Somehow, her hand raised. Through instinct alone, she drew power into herself. Shadow met light and where they joined there was war.
Noiseless screams clawed at her mind; weightless force pressed against her throat. Yet no matter how the dark fought, her light grew brighter. So radiant and painful she clenched her eyes shut. "You're not here," she repeated. "And I will be your end."
'Death! Death! Death!' The presence screamed. But in the end, the dark always flees before the light.
Zelda collapsed. Her heart pounded, and her lungs stung, as though she'd been running for miles in the winter's chill. Only when she picked herself up did she notice the glass had shattered and the three stones gleamed with a light from within.
She placed each within her bag and slung it over her shoulder. No time to rest, nor marvel at what had happened. Her theft would be discovered at sunrise, and she had much left to do. She took hold of the rope still hanging from the window, she gave it one last tug to make certain it had not come loose. Then she crawled out the window and climbed down.
The Temple of Time was only a husk. The once simple, yet beautiful, stained glass windows had all been shattered. The smooth stones were now blackened and cracked from a powerful flame. Even the doors had been torn from their hinges, revealing the charred and twisted ruin within.
A shape stirred inside the building. The salesman appeared at the empty arch of the doorway with a smile. "I do so love a reunion. Be it my own, or others reunited with pieces of their past. How the whims of time cause change, for good and ill."
Zelda stepped out of the shadows. How had he noticed me from inside the building? She hadn't made a noise, and she held the Mask of Truth. In the weeks of traveling together to reach Castle Town, he had grown no less unnerving. If anything, she only grew more worried about her new companion. Whatever his goals, he refused to confide in her. Even when questioned he would speak only in riddles or change the topic to his masks.

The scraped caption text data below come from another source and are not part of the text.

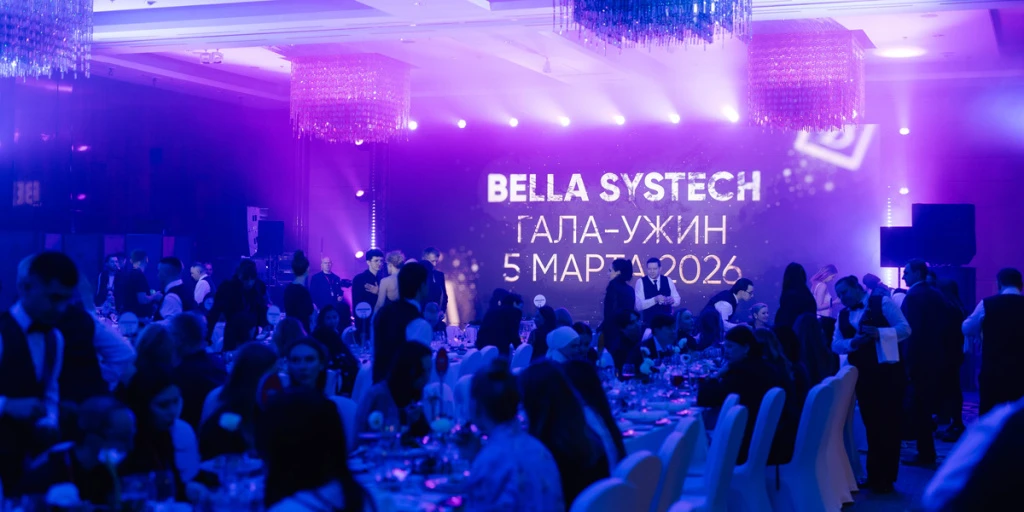 Глобальный форум компании Bella Systech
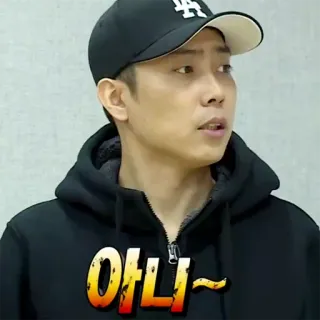 🙅 191a3d8c 아니~ telegram sticker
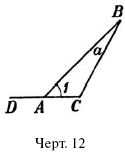 110.i_011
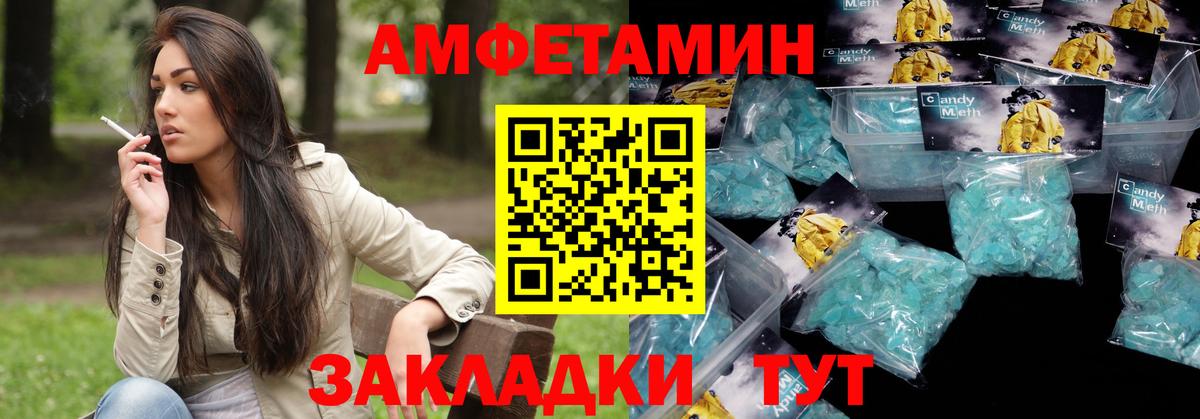АМФЕТАМИН  АМФЕТАМИН Premium  Вход с VPN  Котовск 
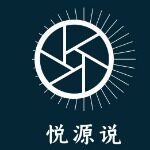 深圳市悦源网络科技有限公司logo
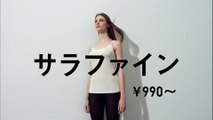 00336 uniqlo silky dry sarafine fashion - Komasharu - Japanese Commercial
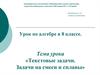 Текстовые задачи. Задачи на смеси и сплавы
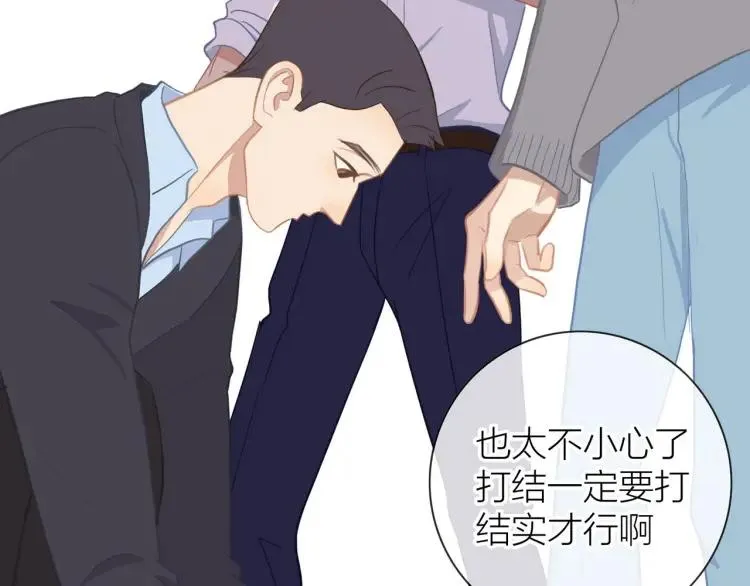 第46话 霸总人设觉醒！ 第17页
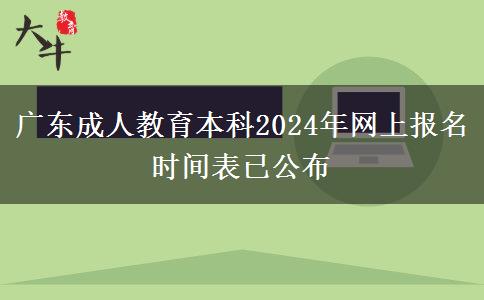 廣東成人教育本科2024年網(wǎng)上報(bào)名時(shí)間表已公布 廣東成人教育本科2024年網(wǎng)上報(bào)名時(shí)間表已公布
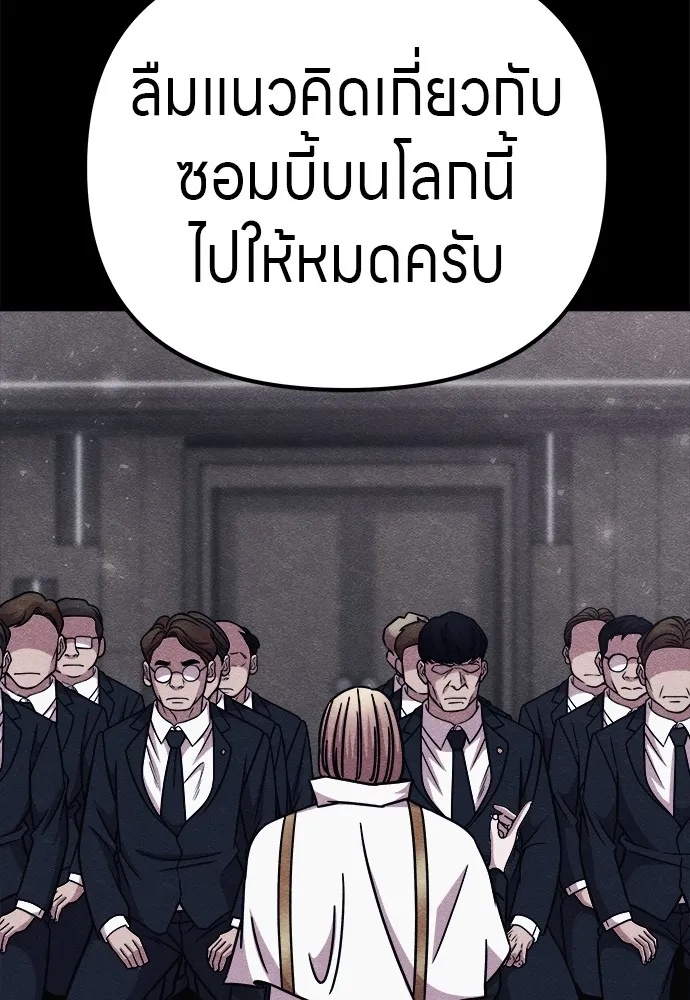 Zombie x slasher ตอนที่ 21 73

She did not even have a real name for him.
"I take your presence to mean you were successful."
"I was," she tapped her bag.
"Wonderful! Wonderful!" He clapped his hands. No matter how wide he smiled, the man's face seemed to stretch even wider when he wished. "The hardest part is behind you." He spun on his heel, making his massive pack rattle as the masks tethered on it smacked against each other.
"Wait," Zelda stopped at the door. "When I left this place there were people here, many people, only desiring a place to weather the storm. Was the fire started when they were inside? Did any of them escape?"
"Does it matter if they did?"
"Yes."
"Then I am sorry to tell you, I do not know. Many temples were destroyed in the early days of Dragmire's reign, under the orders of the Honored Twinrova. Perhaps this destruction occurred then. But I also know your escape left the new king quite wrathful. And his anger can be... explosive."
Zelda frowned. The man didn't appear to be lying, but she could never tell with him.
"Do you doubt me?"
"No. But you often seem to know this sort of thing."
"Even I cannot be everywhere. If I could, then I'd have no need of you, and we'd both be poorer for it. Come along, princess, night does not last forever."
The building looked more horrific inside. The statues of the Three had been shattered and their altar overturned. The temple had never been the most opulent - it looked positively simplistic when compared to the Shrine of Hylia in the castle - but what few rare gems and silver that had once decorated the statues and altar had been pried free and stolen. The wooden interior walls had burned away, leaving the whole building barren. Yet even though the inner rooms were all revealed and displayed together, it looked so small and diminished.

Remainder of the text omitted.